Devaquet en rêvait, Macron l’a fait

Assurément la sélection à l’université n’est pas une nouveauté dans les projets de réformes des divers gouvernements. Au contraire, l’université de masse, sinon gratuite, relativement accessible, n’a jamais constitué une option de formation de la jeunesse viable pour la bourgeoisie. Mai 68 met, pour un temps, un coup d’arrêt aux projets de réforme de l’université, initiés avec le plan Fouchet-Zamanski en 1966, et donne lieu à un certains nombres d’acquis, qui depuis constituent une épine importante dans le pied des classes dominantes. Depuis ne se passe pas une décennie sans qu’on ne voit naître un nouveau projet de refonte de l’enseignement supérieur. En 1976 émerge un projet de loi (projet Saunier-Seité) remettant en cause l’accès en troisième année, instaurant ainsi de fait une sélection, finalement abandonné après trois mois de mobilisation. La loi Savary de 1984 renforce l’autonomie des universités instaurée par la loi Faure en 1968 et ouvre la porte au financement des facultés par les entreprises privées.
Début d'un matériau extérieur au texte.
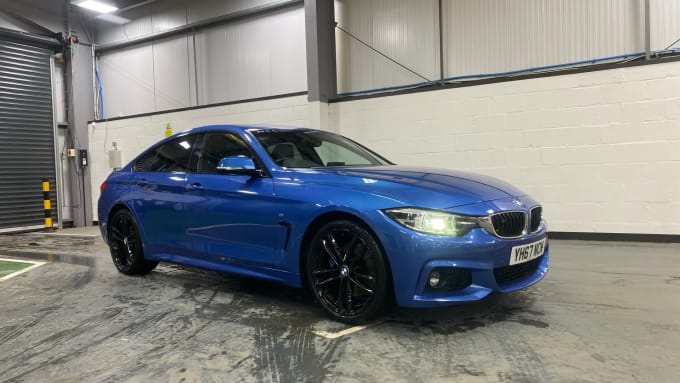 2017 BMW 4 Series Gran Coupe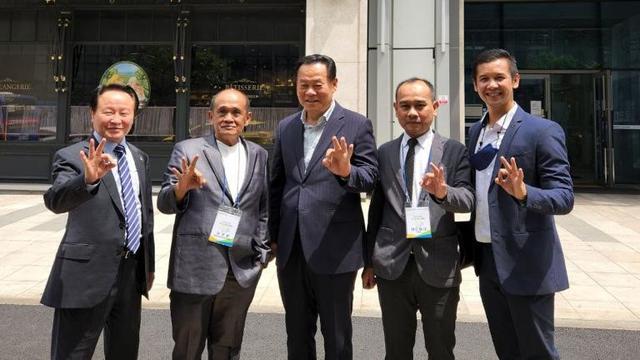 Delegasi Taekwondo Kota  Bekasi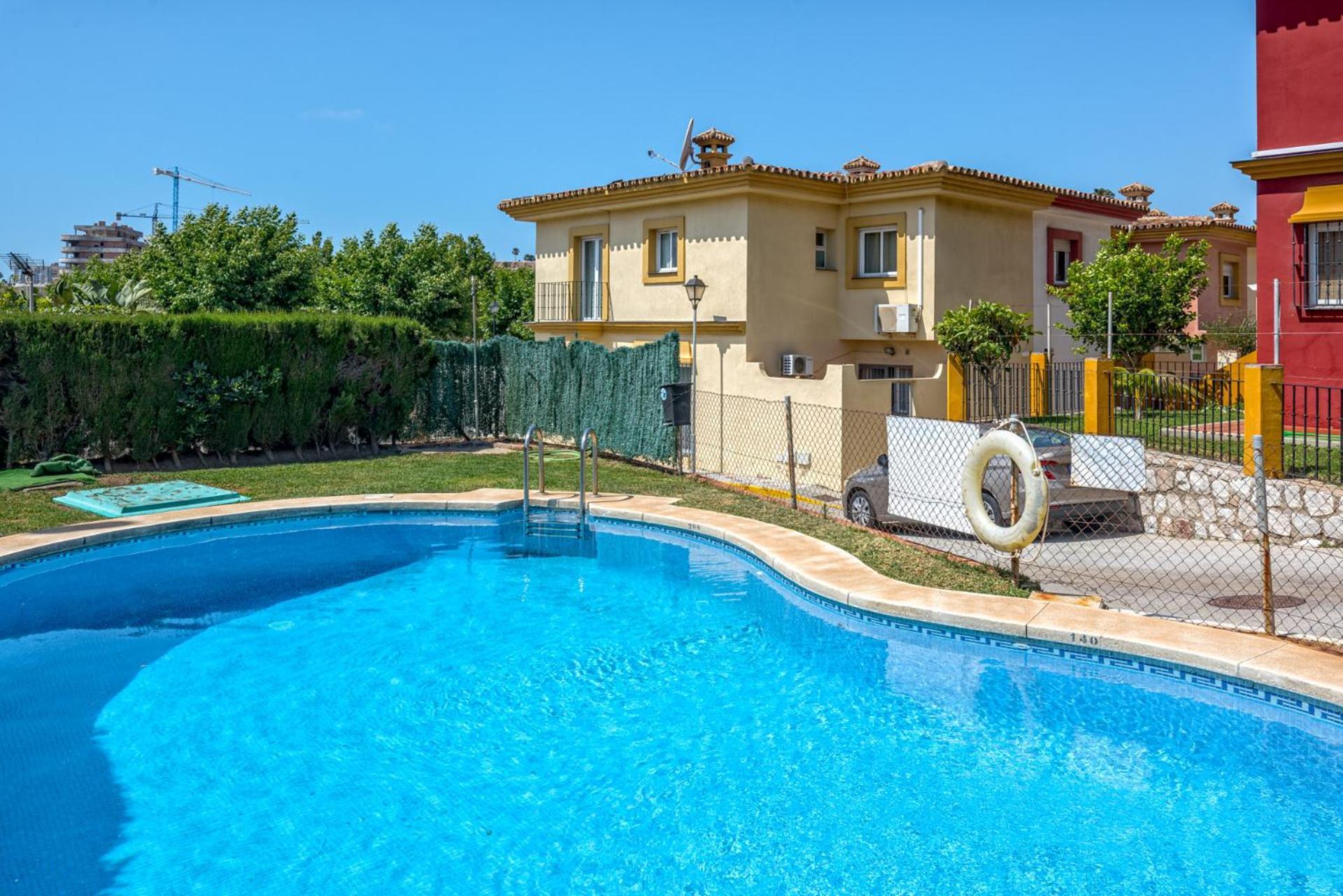 Castillo Sohail Townhouse Near The Beach By Costarentals - Ref 101 Фуенхірола Екстер'єр фото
Le projet de loi Devaquet en 1986 voit le jour sous la cohabitation, sous la présidence de Mitterand, dont Chirac est alors le premier ministre. Devaquet, ministre de l’éducation, est chargé de libéraliser l’enseignement supérieur. La loi instaure la complète autonomie des universités, qui pourraient désormais fixer les frais d’inscription - au sein d’une fourchette nationale - sélectionner les étudiants à l’entrée, en adaptant les flux d’étudiants aux besoins du marché ! La loi remettait également en cause le caractère national des diplômes en autorisant les universités à choisir leurs propres diplômes et méthodes d’apprentissage. Le gouvernement finit par reculer en décembre après plusieurs semaines de mobilisation étudiante et lycéenne.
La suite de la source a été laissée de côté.